LOL
There is no one more cynical than I.
I just looked up last week's report from the DOL and found the following:
"In the week ending December 17, the advance figure for seasonally adjusted initial claims was 364,000, a decrease of 4,000 from the previous week's revised figure of 368,000."
However, this week they revised the 364,000 to 366,000 so instead of the decrease of 4,000 initial jobless there was a decrease of just 2,000, so it was half as good as they reported.
This week they reported an increase of 15,000 new jobless and I will gladly book a bet that it will turn out to be more than that after next week's revision.
Re: Markets and Media--Chicken or Egg?
Scott Raynovich
12/29/2011 3:58:55 PM
Street Smart,
Exactly right. One of my frustrations with "financial journalism" is that most financial journalists have never traded or even invested and really don't know much. They often fall back on easy assumptions and "spurious correlations" that are easy to make with little statistical proof.
I.E. "Today the market sold off for XYZ." The bottom line is that you can never prove much of anything unless you have a large statistical database from which to test. On any given day the market action is what it is because millions of buyers were being matched with millions of sellers. Making an assumption about what each and every one of them was thinking -- or even what the "majority" of them were thinking -- is somewhat absurd! Maybe a bunch of them just had to sell or buy!
fair enough.
I guess I am more cynical than you, Fred, as my expectations of seeing integrity from government agents are not high...
I know we agree philosophically Scott, but I would prefer more rather than less information. I would not be happy if the data were withheld as you suggested. I am able to make some sense of it and would only have the words of politicians if they did not give me some numbers which I can check with some effort and understand with some thought.
Markets and Media--Chicken or Egg?
Street Smart
12/29/2011 3:06:24 PM
Another way that the media exacerbate the problem of reporting statistics is in trying to explain why the markets performed as they did on a given day. Some talking head will inform us that the Dow is down because "the market was looking for" X and it got Y instead.
But efficient market theory would suggest that those expectations and even the statistics upon which they are based would already be reflected in the market, if not 100%, then certainly a great deal.
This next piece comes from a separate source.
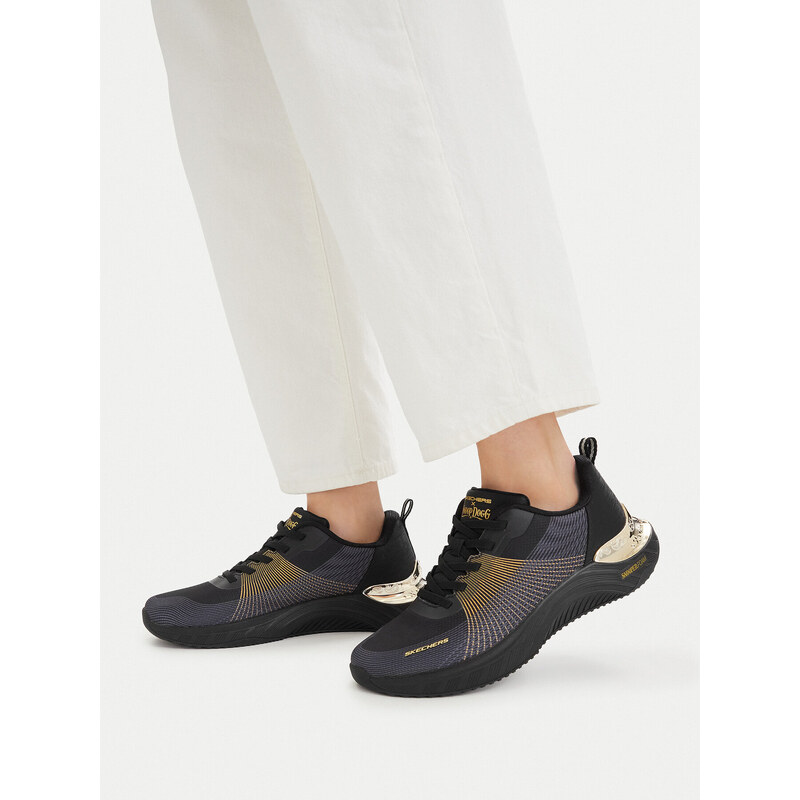 Sneakersy Skechers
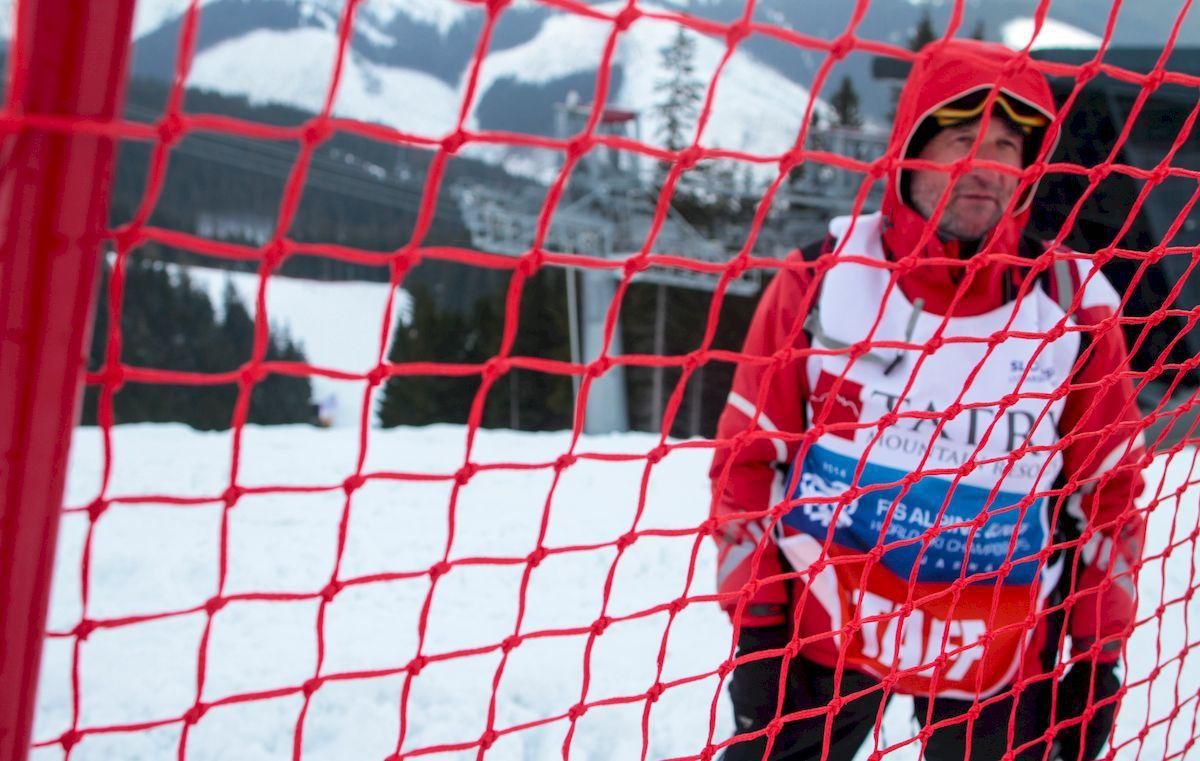 Jasna priprava slalom feb16 Erik Adamson Sport.sk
So, it's like a hall of mirrors--the media explains how statistics moved the markets and the media explanations themselved become factors in market movement. Chicken, meet egg!
Re: 8 or 9% unemployment
ProfR
12/29/2011 2:57:58 PM
Yes, it is important to take a longer term view when looking at investments. Being influenced by the latest number will cause a lot of useless trades.
News is reported too often - daily or even hourly. This causes an over-emphasis on the data that was just released. Monthly unemployment numbers, minute-by-minute stock index changes, consumer confidence, retail sales, whatever - is mostly noise in the best of cases.
Knowing that much of the just-released data isn't quite right just makes it more important to base investment decisions (and voting decisions) on more than what's in the news.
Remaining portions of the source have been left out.